Several websites give regular updates on the Chinese Long March 5B rocket core that’s uncontrollably falling to Earth, with an expected re-entry on Saturday night (May 8).
The 23-ton (21 metric tons) core stage likely will fall into an uninhabited area, given that 70% of Earth’s surface is covered by ocean. That said, entities around the world are keeping an eye out just in case — and providing regular updates online.
We’ll keep you posted here at Space.com, but here are some of the sources you can look at yourself in the coming days.
U.S. Space Command is updating space-track.org at least once a day with the latest information about where the rocket is likely to fall, based on parameters such as how high Earth’s atmosphere is billowing and how drag is expected to affect the massive Chinese vehicle.
The Aerospace Corporation, which supports national security space programs, posts regularly on its Twitter feed and occasionally on Medium about the core stage status. More details about re-entry predictions are also available on its website.
Another Twitter feed to keep an eye on is that of Jonathan McDowell, a well-known tracker of uncontrolled falls in the U.S. space community. He’s been posting several times a day about the progress of the Long March 5B.
Amateur skywatchers are also keeping an eye out for the rocket, with the Virtual Telescope’s Gianluca Masi planning to broadcast live footage from Rome if the core stage is visible from there. Weather permitting, that webcast is expected to begin tonight, May 7, at 10:40 p.m. EDT (0240 GMT). You can watch it directly from the Virtual Telescope here and on YouTube.
China has been occasionally commenting on the situation in state media and in news reports, so keep an eye out in English-language coverage for any comments state officials may have.

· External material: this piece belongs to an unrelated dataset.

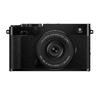 Fujifilm X-E5 Mirrorless Digital Camera Lens Kit XF23mmF2.8 Black X-E5LK-23-B Bilingual Model
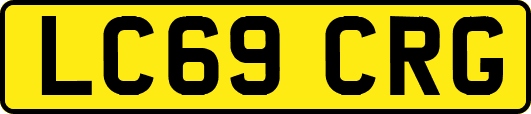 LC69CRG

Alternatively, you might want to look for the new Chinese space station that this Long March 5B helped to build. On April 28, the rocket launched the core stage of the T-shaped Tianhe space station, which will eventually include several modules.
The website (or apps) by Heavens-Above has a list of passes of the Tianhe module tailored for your preferred observation location. In general, it appears the vehicle is bright enough to spot with the naked eye, but you might have better luck with binoculars or a telescope, especially in light-polluted areas.
More technical information on the space station’s orbit is available at NY2O.com, including its perigee, apogee, inclination and period.